2. SERVICES. IBF will provide software design support, research on content resources and content management software, Web design, marketing plan development and operational support for the development and deployment of the ATG business plan.
3. PAYMENT. IBF will receive 750,000 shares of common stock in ATG in exchange for the services provided pursuant to this plan. The services to be rendered shall be valued, for the purposes of this Agreement at $75,000. IBF shall be responsible for the payment of management team salaries, programmers, hosting and operating costs in exchange for the shares received hereunder.
4. ARBITRATION. All disputes under this Agreement that cannot be resolved by the parties shall be submitted to arbitration under the rules and regulations of the American Arbitration Association. Either party may invoke this paragraph after providing 30 days written notice to the other party. All costs of arbitration shall be divided equally between the parties. Any award may be enforced by a court of law.
5. ENTIRE AGREEMENT. This Agreement contains the entire agreement of the parties and there are no other promises or conditions in any other agreement whether oral or written. This Agreement supersedes any prior written or oral agreements between the parties.

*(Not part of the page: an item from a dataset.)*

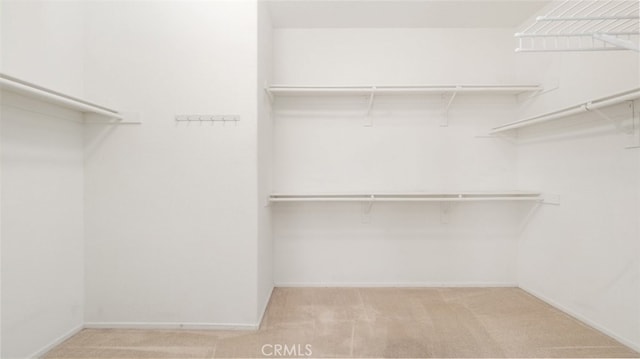 spacious closet featuring light carpet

6. AMENDMENT. This Agreement may be modified or amended, if the amendment is made in writing and is signed by both parties.
7. SEVERABILITY. If any provision of this Agreement shall be held to be invalid or unenforceable for any reason, the remaining provisions shall continue to be valid and enforceable. If a court finds that any provision of this Agreement is invalid or unenforceable, but that by limiting such provision it would become valid or enforceable, then such provision shall be deemed to be written, construed, and enforced as so limited.
8. WAIVER OF CONTRACTUAL RIGHT. The failure of either party to enforce any provision of this Agreement shall not be construed as a waiver or limitation of that party's right to subsequently enforce and compel strict compliance with every provision of this Agreement.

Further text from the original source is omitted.